間質性肺炎の原因は多岐にわたりますが、自己免疫疾患と呼ばれる膠原病などが原因で発症することがあります。アスベストなどを使用する職業に携わっている方では、それを仕事中に吸入していることでじん肺と呼ばれる間質性肺炎を生じることもあります。また、古い木造住宅などでタンスの羽毛布団の入れ替えをされた際に鼻から吸い込むカビや羽毛に反応してアレルギー症状が出現し、間質性肺炎を発症される方もおられます。一部の薬剤や放射線治療の副作用で間質性肺炎を生じることもあり、外来で間質性肺炎を疑った患者さまには、詳細にこれまでの病気の治療歴や内服歴を伺うようにしています。また、明らかな原因がわからないけれども、胸部レントゲンやCTでは間質性肺炎の所見があるものを、特発性間質性肺炎と呼びます。

間質性肺炎の症状

  • 咳(痰が絡むことはまれ)
  • 息切れ
  • 呼吸困難
  • 発熱(ない場合もあります)

間質性肺炎の症状

間質性肺炎を発症すると、咳や息切れが生じます。一般的な細菌性の肺炎の場合は咳に膿性痰などが重なることが多いですが、間質性肺炎の場合はどちらかというと空咳が一般的です。間質性肺炎の種類により、急激に悪化(数日程度)するものから、数か月~数年かけて徐々に進行するものまであり、動いたときの息切れが少しずつ出てきて気づかれるケースもあります。

間質性肺炎疑いの人にはどんな検査をするの?

採血検査、胸部レントゲン、胸部CT、気管支鏡検査

  • 採血検査
  • 胸部レントゲン
  • 胸部CT
  • 気管支鏡検査
  • 胸腔下肺生検

間質性肺炎を疑った場合、まずは聴診を行い肺の中で間質性肺炎による雑音(パリパリした雑音)が聞こえるかを確認します。同時にSpO2モニター(サチュレーションモニター)という血中の酸素濃度を測定する機械を指の先に装着し、全身への酸素循環の状態を評価します。間質性肺炎では、除外診断(他の肺の病気がないかを確認すること)がとても大切ですので、採血や胸部レントゲン検査を行い、詳しく調べていきます。これらの結果、当院の外来で間質性肺炎の疑いが濃厚の場合には、近隣の呼吸器専門外来にご紹介させていただき、胸部CTや気管支鏡検査などで検査をすることを勧めています。

間質性肺炎の治療はどうするの?

  • ステロイド
  • 免疫抑制剤
  • 抗線維化薬
  • 在宅酸素

間質性肺炎の原因によって治療方針は変わります。
自己免疫疾患(膠原病など)による間質性肺炎の場合には、ステロイドや免疫抑制剤が中心になります。また、特発性間質性肺炎の中で特にIPF(特発性肺線維症)と呼ばれるタイプには、間質性肺炎の影響で肺が固くなるのを抑えるための抗線維化薬という薬を使用することもあります。また治療をしても酸素の状態が不良な場合には、在宅酸素(鼻に酸素チューブを装着して酸素を流す方法)を行い、酸素を補充することで呼吸苦の改善を図ることもあります。

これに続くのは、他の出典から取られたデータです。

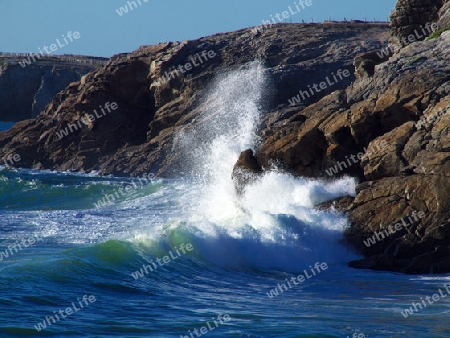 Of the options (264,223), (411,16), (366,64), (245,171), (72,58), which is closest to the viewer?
(264,223)

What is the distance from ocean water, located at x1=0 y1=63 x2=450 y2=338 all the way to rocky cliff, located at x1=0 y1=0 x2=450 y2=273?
0.75m

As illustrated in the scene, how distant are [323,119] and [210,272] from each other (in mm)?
5726

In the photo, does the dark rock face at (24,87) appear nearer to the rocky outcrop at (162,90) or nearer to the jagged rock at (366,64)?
the rocky outcrop at (162,90)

これらの治療に関しては、近隣の呼吸器専門外来や膠原病専門外来で診断されたのちに処方され、病状が安定されてから当院に再度紹介があり、その後は当院から引き続いて継続処方していくというパターンの患者さまが多いです。

長引く咳(せき)〔遷延性咳嗽・慢性咳嗽〕

遷延性咳嗽・慢性咳嗽とは何でしょう?

咳嗽は「がいそう」と呼び、いわゆる咳のことで、専門用語として咳嗽と書きます。
患者さまの咳が続いている期間の長さにより、咳の名前が違っており、3週間までを急性咳嗽、3-8週間までを遷延性咳嗽(せんえんせいがいそう)、8週間以上を慢性咳嗽(まんせいがいそう)と呼びます。

咳の症状で当院を来院される患者さまの多くは何らかの感染症による急性咳嗽にあたり、おおよそ2-3週以内に自然に咳は改善します。しかし、それ以上長引く咳の場合には感染症以外の原因も考えていく必要があります。

咳嗽に関するガイドライン 咳嗽に関するガイドライン第二版より

長引く咳(せき)の原因・特徴は?

感染後咳嗽 鼻汁や咽頭痛で先にはじまり、他の症状は良くなっても咳だけが残る
咳喘息 夜間や明け方に咳がひとくなる。季節の変わり目などに多い
アトピー咳嗽 喉の奥のイガイガ感、何かひっかかっている感じが続く。花粉症の人に多い
胃食道逆流症 食後や夜間に胃もたれ、胸やけがある。口の中がすっぱく感じる
副鼻腔気管支症候群 蓄膿症の経験がある。膿性の鼻水が続く
慢性気管支炎 タバコを吸っている人に多い
薬剤性咳嗽 一部の降圧剤(ACE阻害剤など)を使用中に起こる

長引く咳の原因として、先に咽の痛みや鼻汁などいわゆる風邪の症状があり、その後に咳だけがしつこく残っている場合には、まず感染後咳嗽(かんせんごがいそう)を考えます。 また、咳に加えて長引く黄色や緑の鼻水(膿性鼻汁)がある方は、副鼻腔気管支症候群という病気を疑います。これは鼻の周囲にある空間(副鼻腔)に細菌の感染が起こり、副鼻腔炎(いわゆる蓄膿症)を生じ、これにより鼻ダレが鼻の奥から喉に垂れ込んで気管にまで落ち込み、咳と痰が続くものです。症状が強い場合には近隣の耳鼻科に紹介させていただくこともあります。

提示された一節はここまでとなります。